> _Task description_
Please retype exactly the lines from the one containing "Ann Taylor Sweater" through the end of the records, leaving out the pictures.

[Items listed in a dataset]
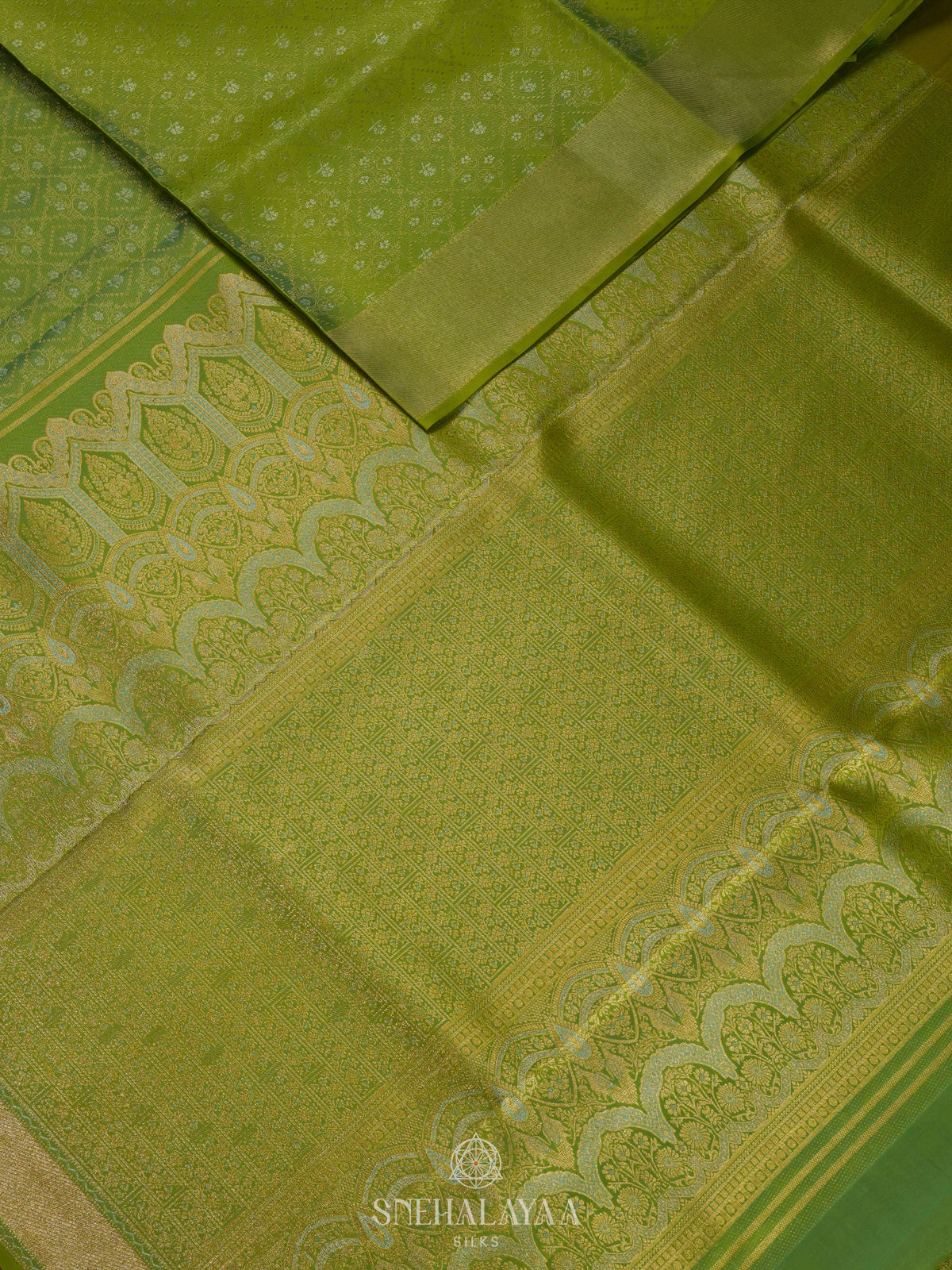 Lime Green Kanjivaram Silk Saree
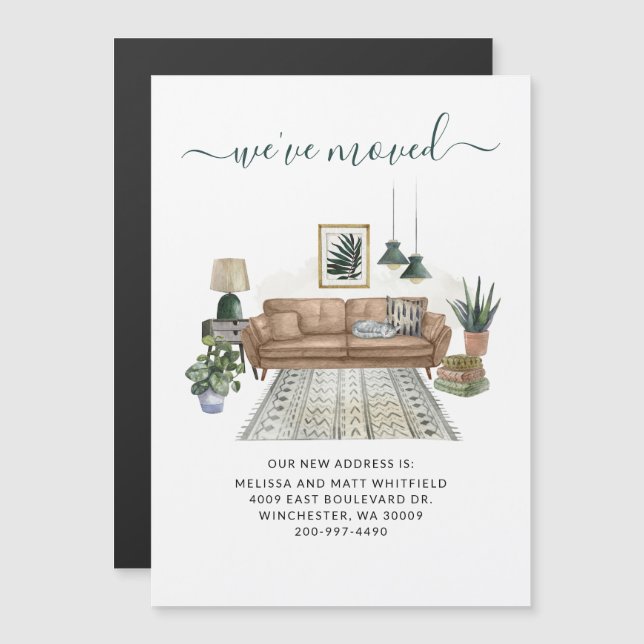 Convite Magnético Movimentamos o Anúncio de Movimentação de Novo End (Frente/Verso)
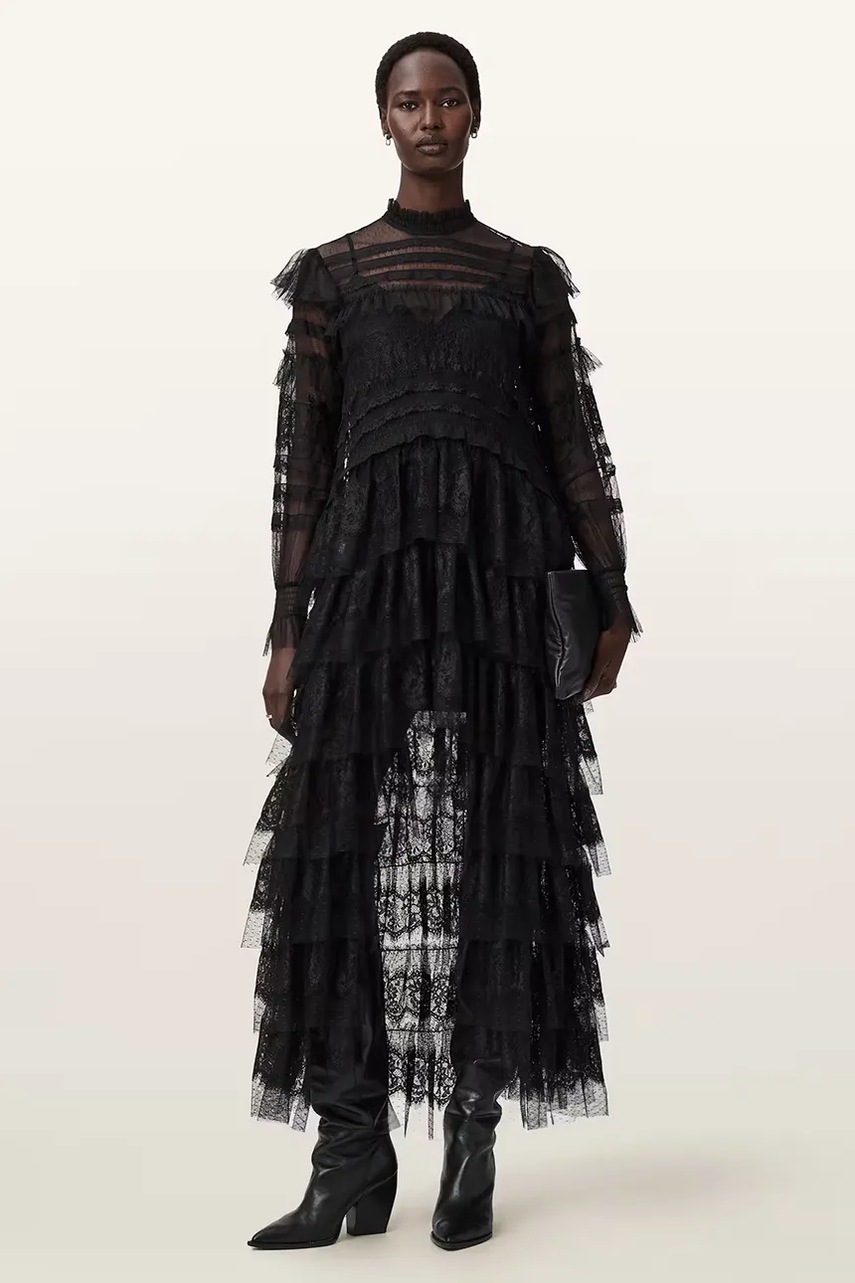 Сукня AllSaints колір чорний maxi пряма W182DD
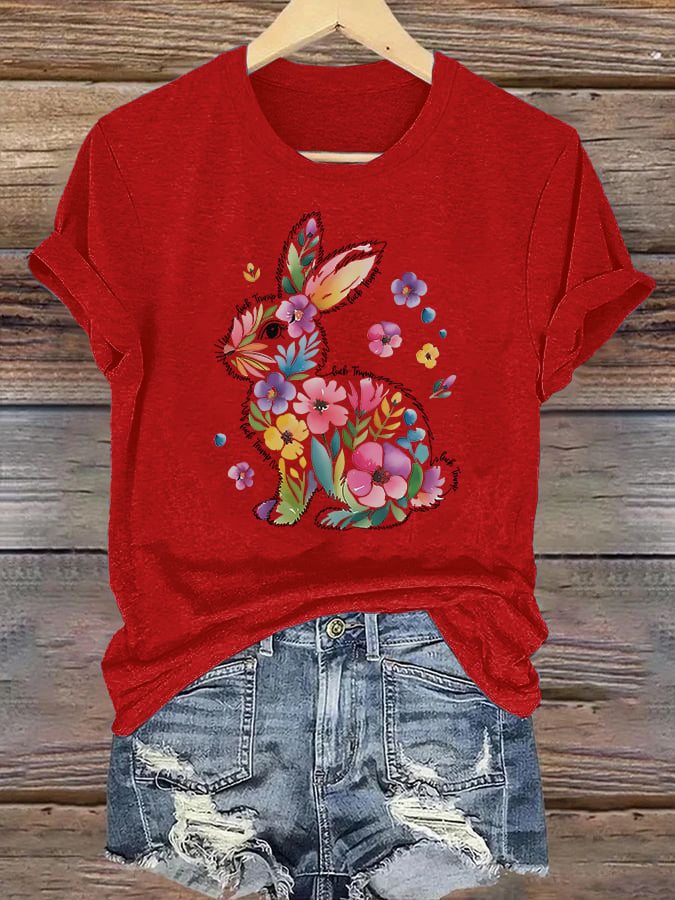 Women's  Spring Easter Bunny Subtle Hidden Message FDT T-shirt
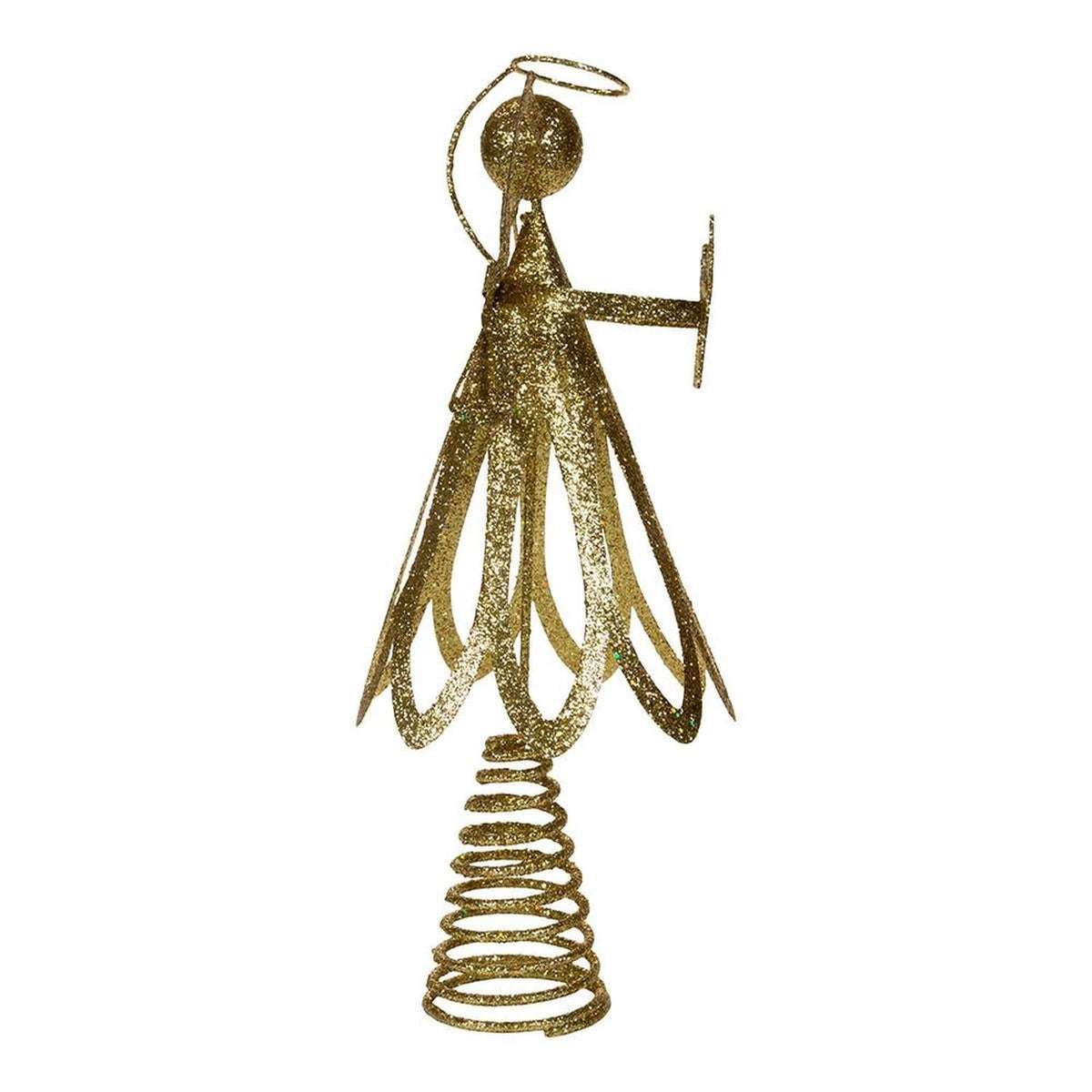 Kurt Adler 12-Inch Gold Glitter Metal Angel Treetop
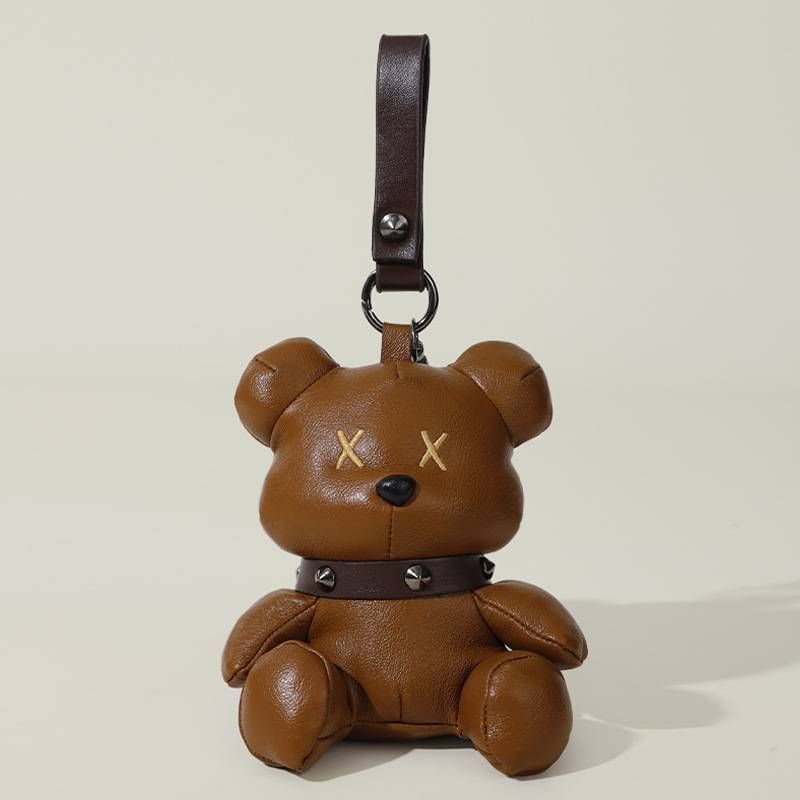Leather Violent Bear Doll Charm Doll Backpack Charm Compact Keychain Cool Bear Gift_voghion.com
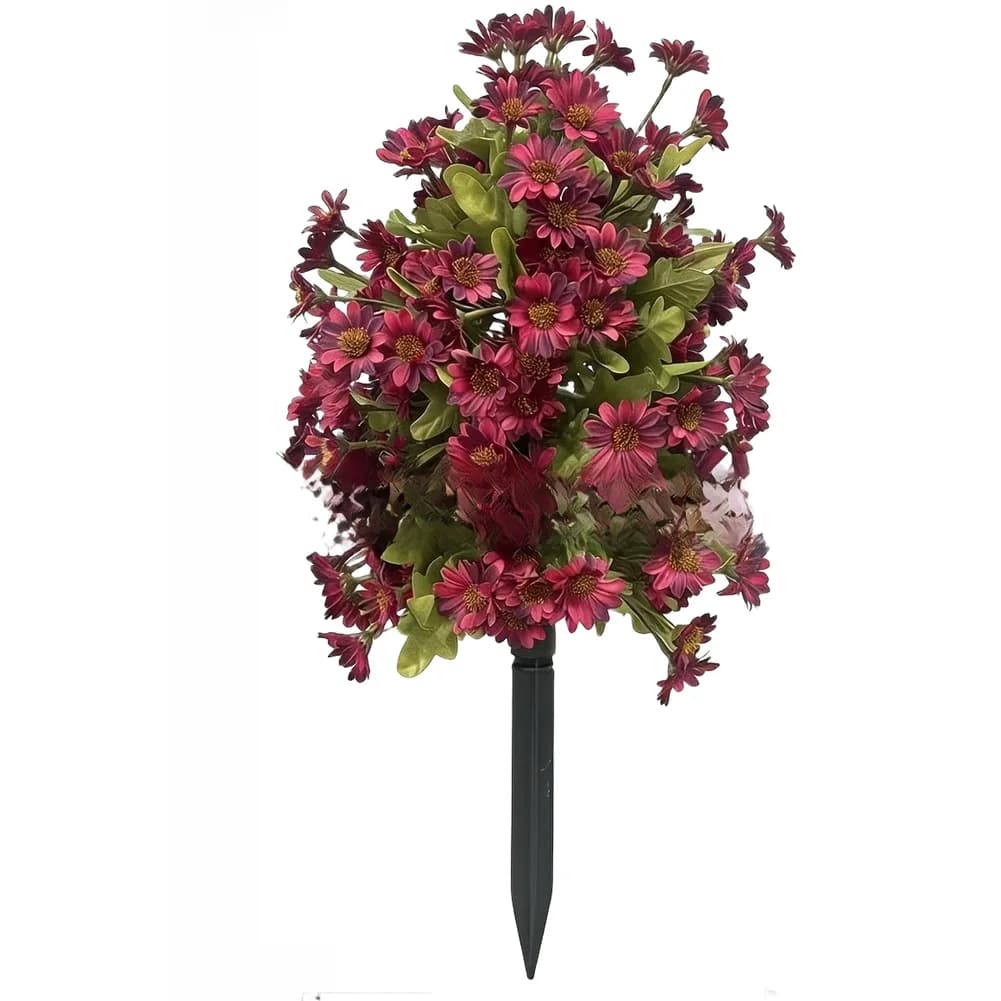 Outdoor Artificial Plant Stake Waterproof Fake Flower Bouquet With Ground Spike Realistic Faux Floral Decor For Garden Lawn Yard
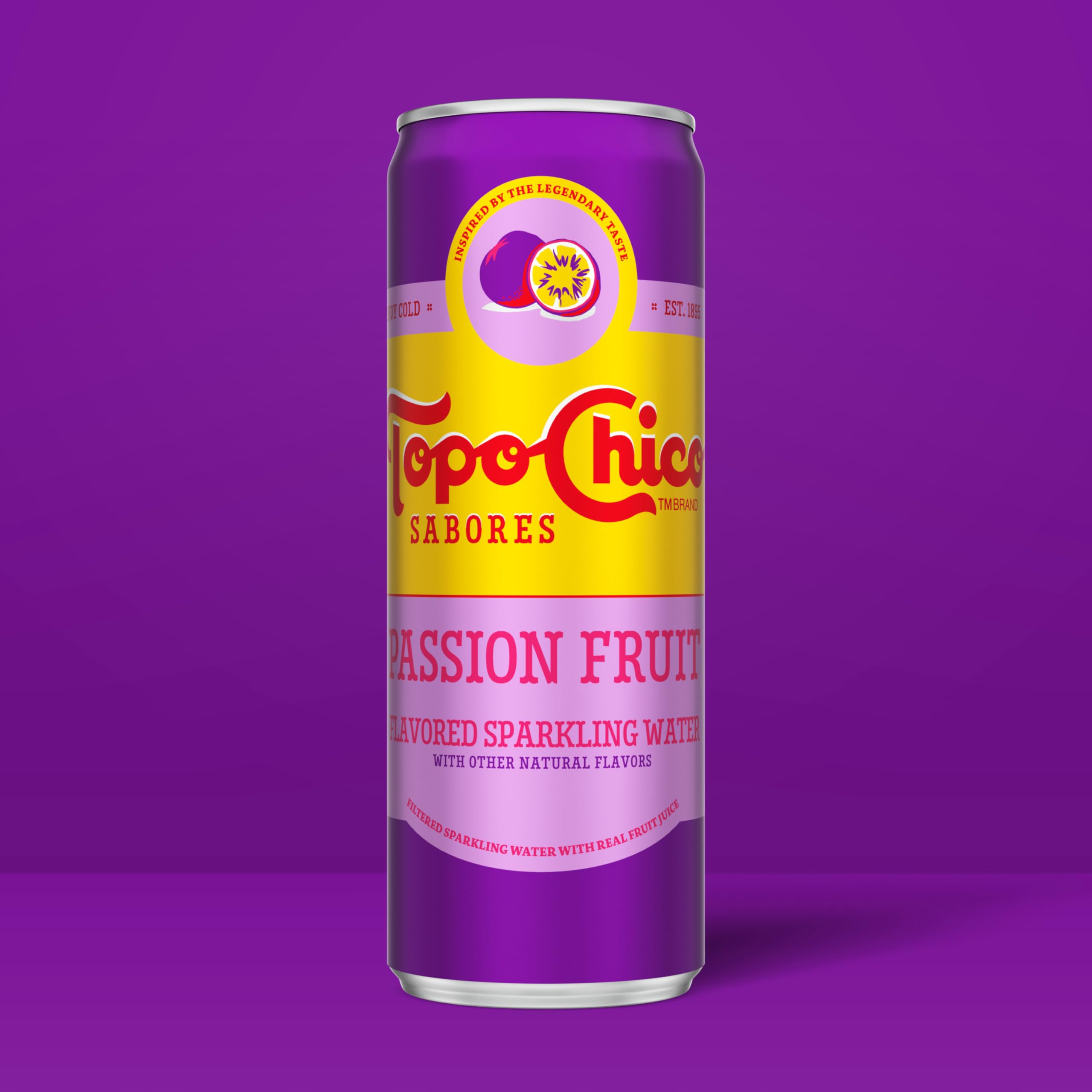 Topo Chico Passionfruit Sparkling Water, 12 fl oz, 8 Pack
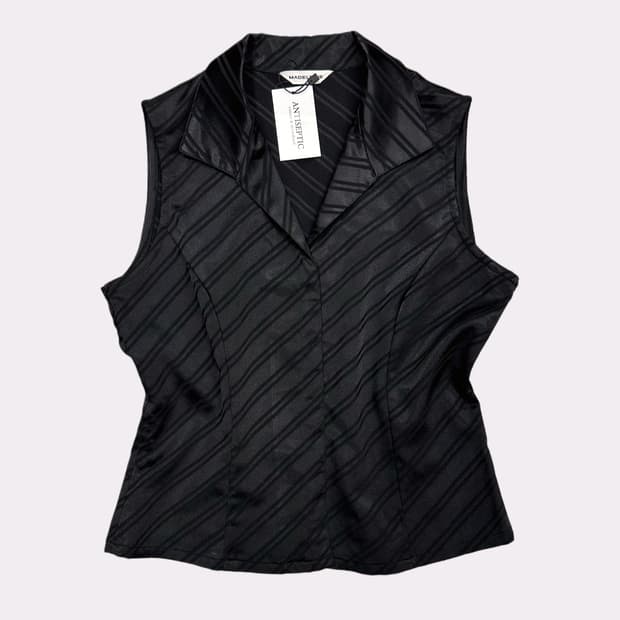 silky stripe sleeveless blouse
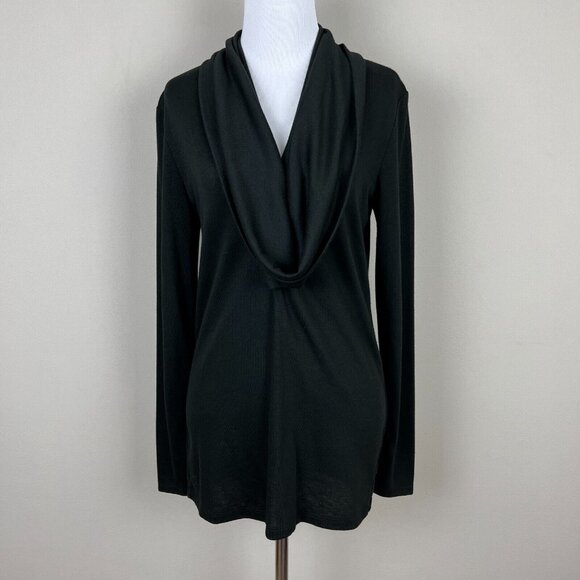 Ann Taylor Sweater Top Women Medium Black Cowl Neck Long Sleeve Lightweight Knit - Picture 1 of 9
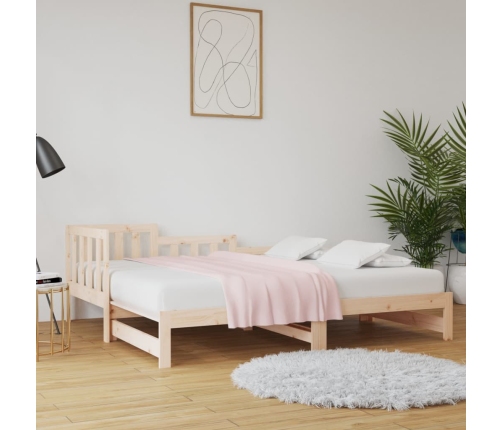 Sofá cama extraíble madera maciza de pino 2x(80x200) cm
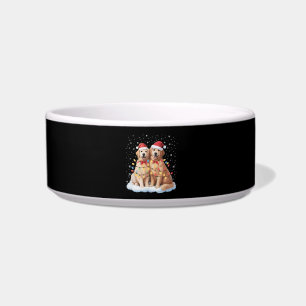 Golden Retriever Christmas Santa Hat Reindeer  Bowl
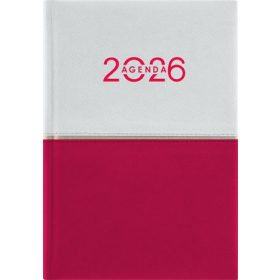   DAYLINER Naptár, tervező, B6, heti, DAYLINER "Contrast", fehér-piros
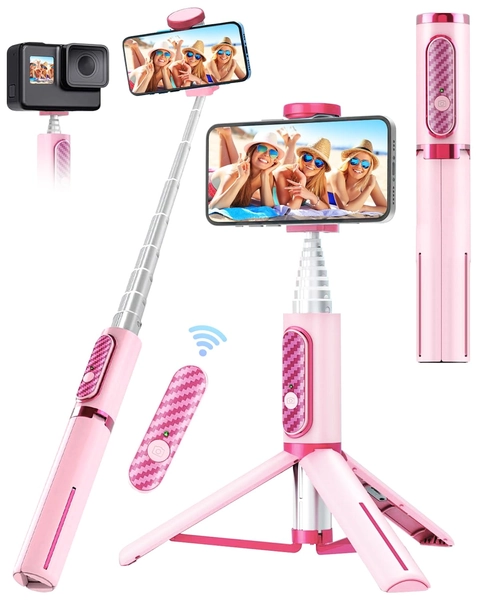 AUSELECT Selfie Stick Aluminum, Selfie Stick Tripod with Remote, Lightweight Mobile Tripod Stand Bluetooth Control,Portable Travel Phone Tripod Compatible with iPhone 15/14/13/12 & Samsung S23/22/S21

> _Result of this task_
 Ann Taylor Sweater Top Women Medium Black Cowl Neck Long Sleeve Lightweight Knit - Picture 1 of 9
 Sofá cama extraíble madera maciza de pino 2x(80x200) cm
 Golden Retriever Christmas Santa Hat Reindeer  Bowl
   DAYLINER Naptár, tervező, B6, heti, DAYLINER "Contrast", fehér-piros
 AUSELECT Selfie Stick Aluminum, Selfie Stick Tripod with Remote, Lightweight Mobile Tripod Stand Bluetooth Control,Portable Travel Phone Tripod Compatible with iPhone 15/14/13/12 & Samsung S23/22/S21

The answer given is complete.